══ RECORDS
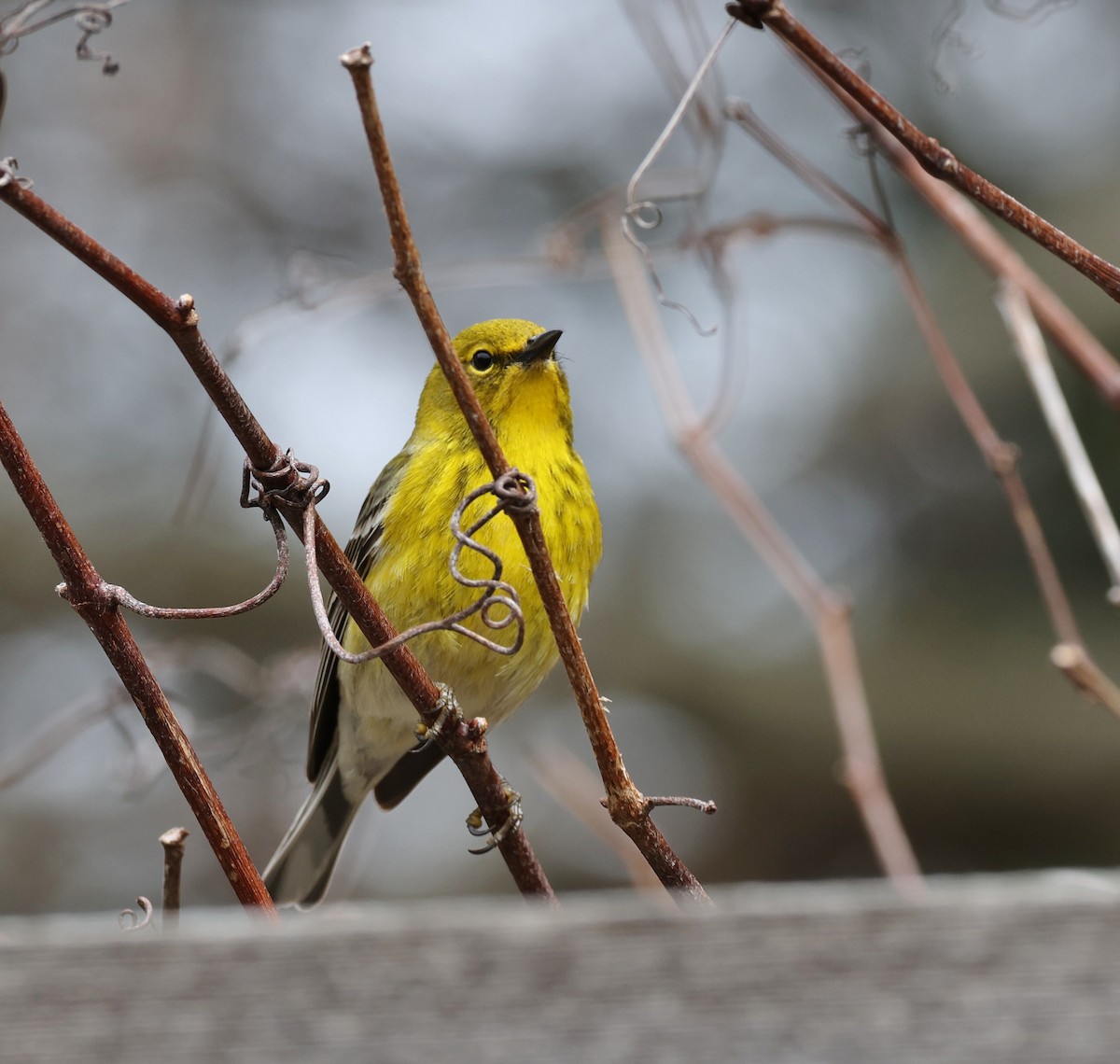 Pine Warbler - ML617609202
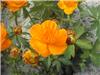 Trollius chin.'Gol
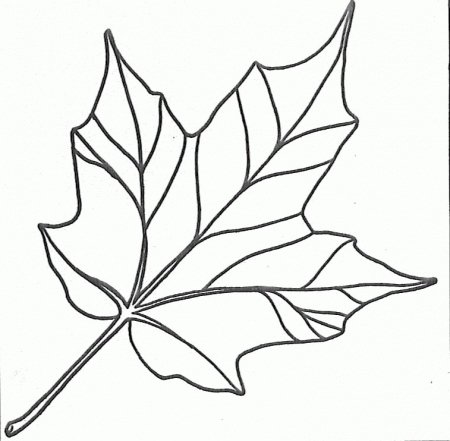 Leaf Coloring Page | Hobby Shelter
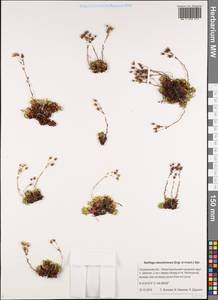 Saxifraga bronchialis var. rebunshirensis (Engl. & Irmsch.) Hara, Siberia, Russian Far East (S6) (Russia)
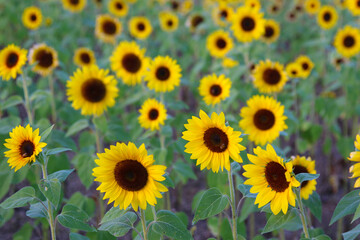 Obraz premium Sunflower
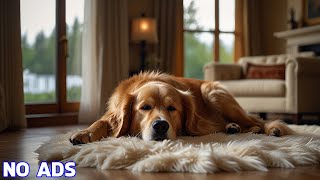 15 HOURS of Deep Separation Anxiety Music for Dog Relaxation Helped 4 Million Dogs Worldwide 19 [upl. by Nigem146]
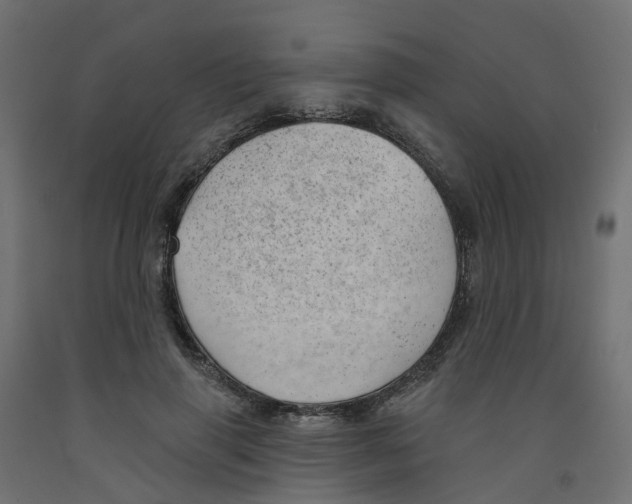 X0000091970645200710041050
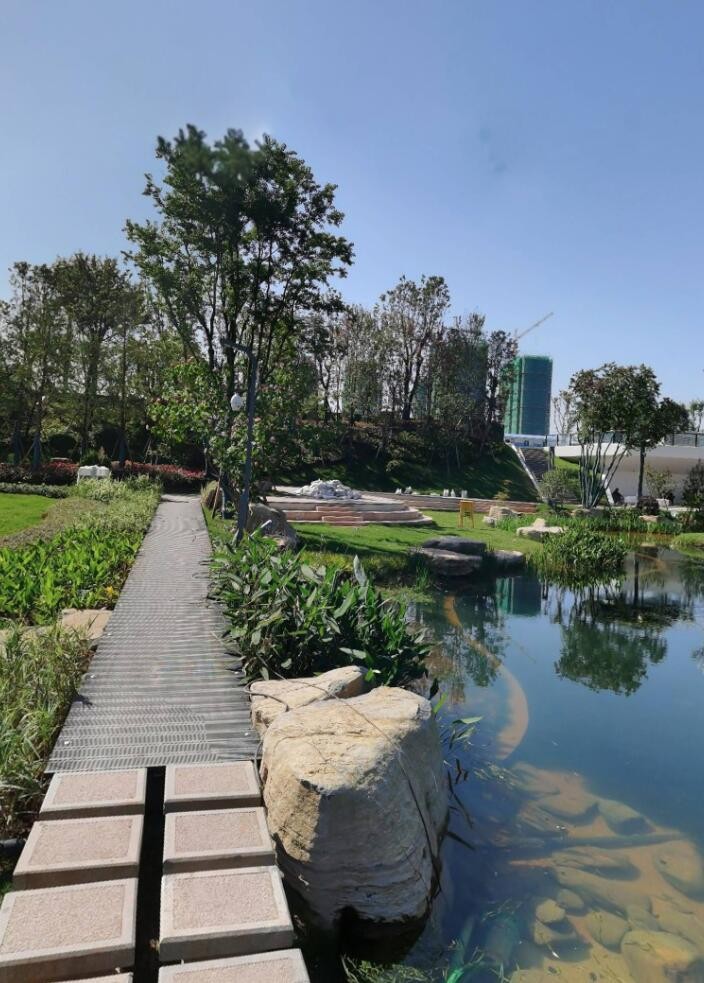 建设中的《陆家中央公园》进度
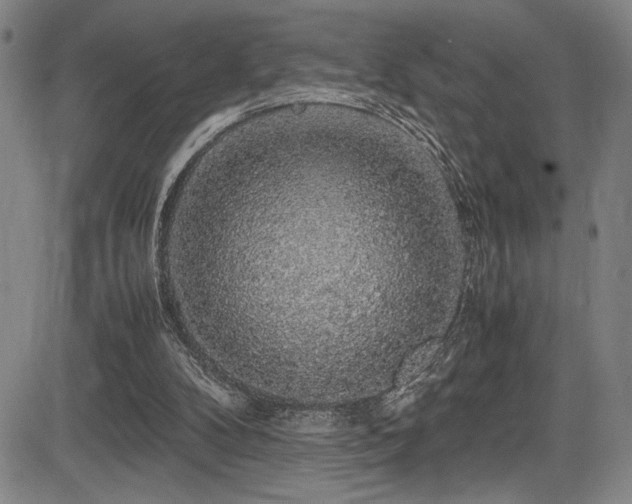 X0000083580104200702091129
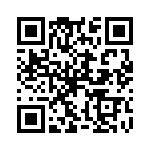 P0300EBLRP2 QRCode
════
EXERCISE BRIEF:
Pictures stay out; everything else in the listing above is to be repeated exactly.

WRITTEN REPLY:
 Pine Warbler - ML617609202
 Trollius chin.'Gol
 Leaf Coloring Page | Hobby Shelter
 Saxifraga bronchialis var. rebunshirensis (Engl. & Irmsch.) Hara, Siberia, Russian Far East (S6) (Russia)
 Obraz premium Sunflower
 15 HOURS of Deep Separation Anxiety Music for Dog Relaxation Helped 4 Million Dogs Worldwide 19 [upl. by Nigem146]
 X0000091970645200710041050
 建设中的《陆家中央公园》进度
 X0000083580104200702091129
 P0300EBLRP2 QRCode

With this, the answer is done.